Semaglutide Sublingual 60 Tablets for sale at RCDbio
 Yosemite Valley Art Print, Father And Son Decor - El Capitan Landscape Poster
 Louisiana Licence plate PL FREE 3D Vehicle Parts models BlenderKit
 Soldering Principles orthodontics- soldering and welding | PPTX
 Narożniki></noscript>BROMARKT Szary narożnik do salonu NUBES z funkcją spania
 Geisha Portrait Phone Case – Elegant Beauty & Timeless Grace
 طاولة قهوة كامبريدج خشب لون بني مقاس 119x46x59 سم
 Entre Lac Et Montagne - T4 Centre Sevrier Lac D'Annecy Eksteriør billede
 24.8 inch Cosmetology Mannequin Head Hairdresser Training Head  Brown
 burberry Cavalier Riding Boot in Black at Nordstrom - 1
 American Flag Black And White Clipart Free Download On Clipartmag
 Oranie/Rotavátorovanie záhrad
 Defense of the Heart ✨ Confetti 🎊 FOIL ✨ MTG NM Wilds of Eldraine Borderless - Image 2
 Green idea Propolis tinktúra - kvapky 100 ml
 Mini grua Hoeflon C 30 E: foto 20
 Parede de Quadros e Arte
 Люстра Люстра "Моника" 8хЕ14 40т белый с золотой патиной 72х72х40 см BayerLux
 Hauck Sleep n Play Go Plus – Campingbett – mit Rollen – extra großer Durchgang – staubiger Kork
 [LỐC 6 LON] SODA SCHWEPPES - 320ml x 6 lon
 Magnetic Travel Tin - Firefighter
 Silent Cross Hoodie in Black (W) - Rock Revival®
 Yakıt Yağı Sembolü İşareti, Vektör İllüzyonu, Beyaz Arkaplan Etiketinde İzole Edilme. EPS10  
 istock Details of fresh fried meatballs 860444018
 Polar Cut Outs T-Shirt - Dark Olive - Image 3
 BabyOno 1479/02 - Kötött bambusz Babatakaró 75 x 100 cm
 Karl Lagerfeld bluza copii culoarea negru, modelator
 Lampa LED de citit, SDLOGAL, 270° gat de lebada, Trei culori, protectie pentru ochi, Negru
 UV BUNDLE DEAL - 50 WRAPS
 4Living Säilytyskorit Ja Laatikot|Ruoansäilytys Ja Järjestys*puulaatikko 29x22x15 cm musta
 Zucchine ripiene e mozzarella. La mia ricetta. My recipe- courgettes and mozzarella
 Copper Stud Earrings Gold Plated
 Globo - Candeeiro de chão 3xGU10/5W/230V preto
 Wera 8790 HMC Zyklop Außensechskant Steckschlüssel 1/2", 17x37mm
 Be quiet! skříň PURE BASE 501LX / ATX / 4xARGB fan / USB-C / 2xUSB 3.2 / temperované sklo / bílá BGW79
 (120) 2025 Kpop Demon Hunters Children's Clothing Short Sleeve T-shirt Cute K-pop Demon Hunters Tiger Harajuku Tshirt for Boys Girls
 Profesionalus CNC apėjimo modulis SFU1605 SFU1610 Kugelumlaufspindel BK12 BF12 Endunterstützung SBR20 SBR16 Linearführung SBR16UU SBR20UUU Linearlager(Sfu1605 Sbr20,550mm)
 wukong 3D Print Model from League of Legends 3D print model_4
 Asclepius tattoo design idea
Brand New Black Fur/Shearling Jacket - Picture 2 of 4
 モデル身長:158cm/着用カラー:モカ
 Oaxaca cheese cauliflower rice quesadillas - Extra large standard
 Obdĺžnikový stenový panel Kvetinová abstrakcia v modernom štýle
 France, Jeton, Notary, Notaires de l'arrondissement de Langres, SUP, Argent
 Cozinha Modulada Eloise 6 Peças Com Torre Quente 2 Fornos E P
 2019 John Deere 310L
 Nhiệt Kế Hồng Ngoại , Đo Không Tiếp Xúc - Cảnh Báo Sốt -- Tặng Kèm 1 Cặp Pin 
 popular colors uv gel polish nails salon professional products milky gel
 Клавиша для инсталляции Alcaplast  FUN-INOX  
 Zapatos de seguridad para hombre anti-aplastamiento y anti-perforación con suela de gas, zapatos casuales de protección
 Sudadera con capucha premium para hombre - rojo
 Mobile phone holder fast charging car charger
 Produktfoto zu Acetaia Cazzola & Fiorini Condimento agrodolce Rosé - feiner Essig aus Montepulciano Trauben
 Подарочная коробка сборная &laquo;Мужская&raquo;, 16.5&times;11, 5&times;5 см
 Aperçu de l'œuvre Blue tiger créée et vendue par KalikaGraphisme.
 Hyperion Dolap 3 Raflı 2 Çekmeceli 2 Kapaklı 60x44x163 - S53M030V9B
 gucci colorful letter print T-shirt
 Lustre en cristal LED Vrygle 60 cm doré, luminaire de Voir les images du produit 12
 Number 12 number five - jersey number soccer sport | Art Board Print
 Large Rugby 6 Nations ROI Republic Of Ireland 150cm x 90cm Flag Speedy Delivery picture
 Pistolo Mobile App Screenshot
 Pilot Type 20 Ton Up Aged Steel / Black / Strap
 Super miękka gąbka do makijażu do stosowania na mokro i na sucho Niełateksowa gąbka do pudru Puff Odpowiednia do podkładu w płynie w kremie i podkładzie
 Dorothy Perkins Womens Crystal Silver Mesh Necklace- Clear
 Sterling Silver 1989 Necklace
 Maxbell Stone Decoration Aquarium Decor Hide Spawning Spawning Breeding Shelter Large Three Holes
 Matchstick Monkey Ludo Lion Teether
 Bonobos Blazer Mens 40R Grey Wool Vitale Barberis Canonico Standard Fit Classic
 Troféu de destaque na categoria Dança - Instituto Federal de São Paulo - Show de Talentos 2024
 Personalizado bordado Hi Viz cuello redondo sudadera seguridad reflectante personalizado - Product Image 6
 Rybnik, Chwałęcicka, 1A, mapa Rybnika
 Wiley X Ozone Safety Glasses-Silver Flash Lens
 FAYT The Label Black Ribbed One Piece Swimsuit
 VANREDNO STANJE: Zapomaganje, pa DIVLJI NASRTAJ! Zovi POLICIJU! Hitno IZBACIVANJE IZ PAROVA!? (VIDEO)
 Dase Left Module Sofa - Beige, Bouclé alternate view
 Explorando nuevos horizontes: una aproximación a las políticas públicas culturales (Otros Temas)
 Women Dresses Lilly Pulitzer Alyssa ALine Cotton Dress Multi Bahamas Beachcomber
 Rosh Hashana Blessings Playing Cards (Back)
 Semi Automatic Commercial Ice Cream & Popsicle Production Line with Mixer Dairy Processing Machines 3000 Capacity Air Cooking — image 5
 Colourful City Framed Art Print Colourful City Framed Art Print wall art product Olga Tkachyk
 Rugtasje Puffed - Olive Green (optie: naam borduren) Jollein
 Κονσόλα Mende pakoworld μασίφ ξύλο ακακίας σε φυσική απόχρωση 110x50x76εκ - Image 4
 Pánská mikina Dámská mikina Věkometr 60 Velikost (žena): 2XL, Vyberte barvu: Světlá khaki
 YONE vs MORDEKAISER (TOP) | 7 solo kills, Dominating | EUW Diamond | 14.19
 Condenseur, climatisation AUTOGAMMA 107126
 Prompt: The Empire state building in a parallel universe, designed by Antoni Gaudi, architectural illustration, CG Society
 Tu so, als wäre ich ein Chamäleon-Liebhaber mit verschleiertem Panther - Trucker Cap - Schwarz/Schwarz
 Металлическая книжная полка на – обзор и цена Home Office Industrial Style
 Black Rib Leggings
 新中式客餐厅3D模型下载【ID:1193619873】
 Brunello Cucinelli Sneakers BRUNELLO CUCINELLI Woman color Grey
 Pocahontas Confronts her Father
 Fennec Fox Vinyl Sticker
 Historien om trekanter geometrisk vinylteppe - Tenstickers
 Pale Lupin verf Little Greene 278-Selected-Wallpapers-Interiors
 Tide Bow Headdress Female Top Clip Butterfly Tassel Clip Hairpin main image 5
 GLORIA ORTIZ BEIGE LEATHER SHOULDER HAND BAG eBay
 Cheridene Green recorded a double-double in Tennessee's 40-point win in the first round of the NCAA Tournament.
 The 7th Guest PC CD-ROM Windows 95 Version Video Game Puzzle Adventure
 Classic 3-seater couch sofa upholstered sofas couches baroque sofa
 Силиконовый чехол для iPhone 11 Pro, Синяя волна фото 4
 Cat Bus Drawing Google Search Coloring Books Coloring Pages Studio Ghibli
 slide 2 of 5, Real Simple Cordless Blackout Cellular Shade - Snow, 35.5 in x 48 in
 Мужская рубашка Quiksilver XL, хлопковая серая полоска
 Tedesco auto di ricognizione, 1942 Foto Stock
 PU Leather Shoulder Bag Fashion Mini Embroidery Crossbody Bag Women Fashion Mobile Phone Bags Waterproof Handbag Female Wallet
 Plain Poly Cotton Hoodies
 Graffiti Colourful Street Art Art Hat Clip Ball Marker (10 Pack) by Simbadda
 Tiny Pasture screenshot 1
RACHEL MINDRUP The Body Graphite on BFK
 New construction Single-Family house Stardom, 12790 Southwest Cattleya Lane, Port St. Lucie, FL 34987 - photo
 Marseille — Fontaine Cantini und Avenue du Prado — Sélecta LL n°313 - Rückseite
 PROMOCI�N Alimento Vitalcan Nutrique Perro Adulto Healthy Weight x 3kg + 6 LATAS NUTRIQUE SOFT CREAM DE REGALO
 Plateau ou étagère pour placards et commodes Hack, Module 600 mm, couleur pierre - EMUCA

##############################

▸ DIRECTIONS: Give back, exactly as written, the stretch from the line with "GLORIA ORTIZ BEIGE" through the line with "Силиконовый чехол для", and no other lines from the records above.

▸ RESULT FOR THIS TASK:
 GLORIA ORTIZ BEIGE LEATHER SHOULDER HAND BAG eBay
 Cheridene Green recorded a double-double in Tennessee's 40-point win in the first round of the NCAA Tournament.
 The 7th Guest PC CD-ROM Windows 95 Version Video Game Puzzle Adventure
 Classic 3-seater couch sofa upholstered sofas couches baroque sofa
 Силиконовый чехол для iPhone 11 Pro, Синяя волна фото 4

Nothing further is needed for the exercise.